*Task inputs*:
********

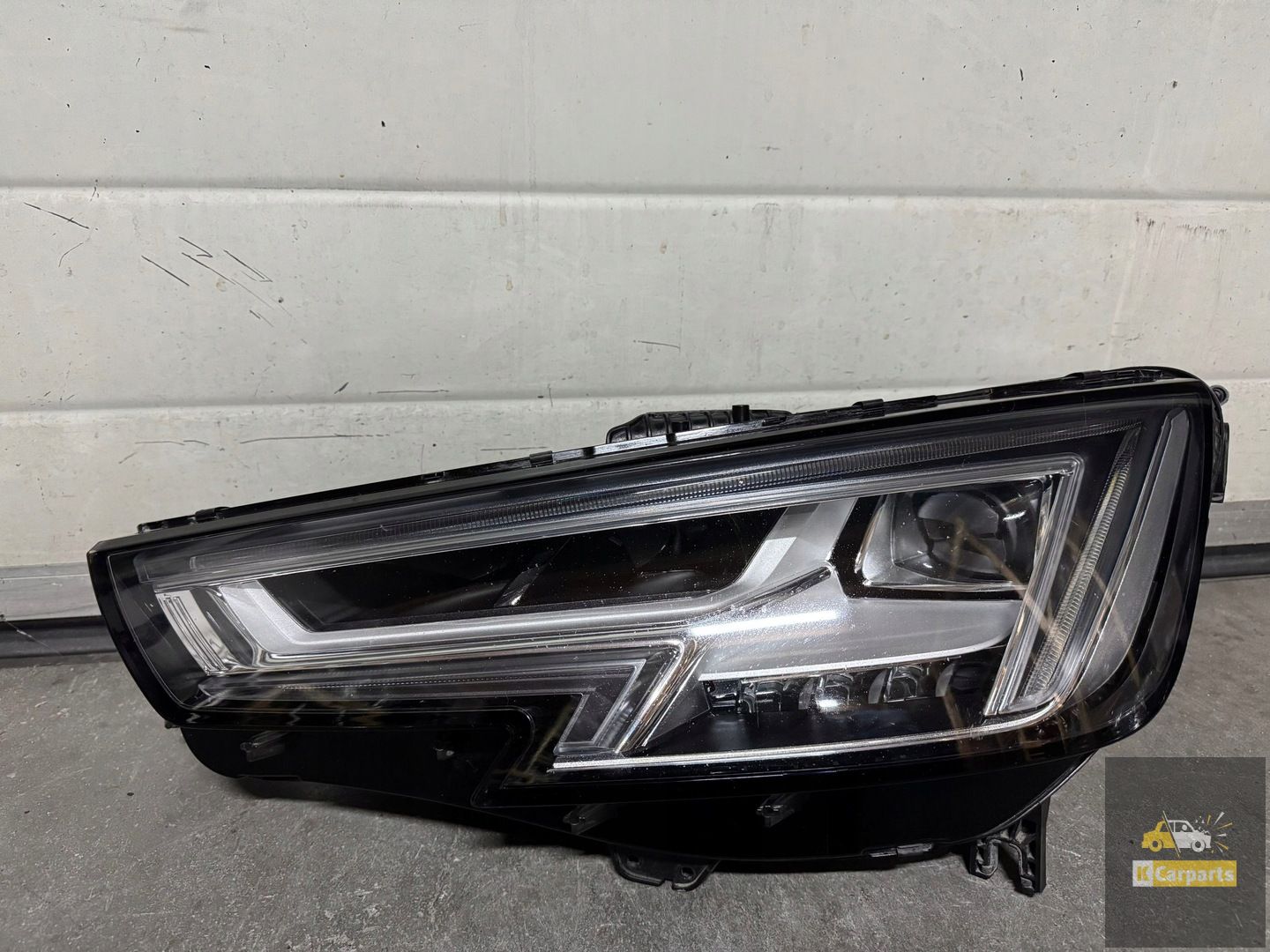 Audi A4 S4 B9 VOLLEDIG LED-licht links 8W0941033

********

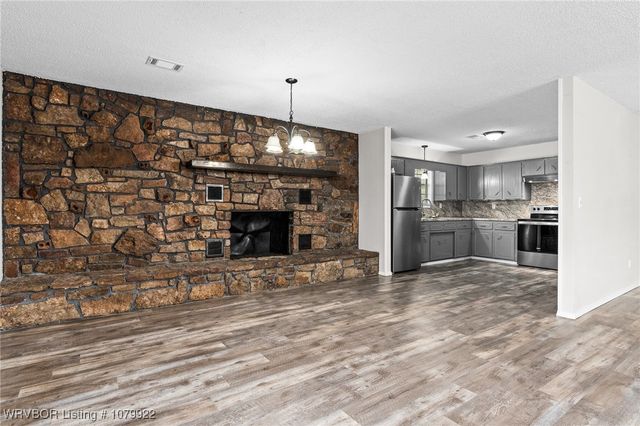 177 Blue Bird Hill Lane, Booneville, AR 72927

********

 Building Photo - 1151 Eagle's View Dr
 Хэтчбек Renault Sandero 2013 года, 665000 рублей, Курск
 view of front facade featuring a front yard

********

*Work request*: Retype only the stretch of lines above starting at the one with "Building Photo - 1151 Eagle's View Dr" and stopping at the one with "view of front facade featuring a front yard", exactly as written, with both kept.

*Task response*:
 Building Photo - 1151 Eagle's View Dr
 Хэтчбек Renault Sandero 2013 года, 665000 рублей, Курск
 view of front facade featuring a front yard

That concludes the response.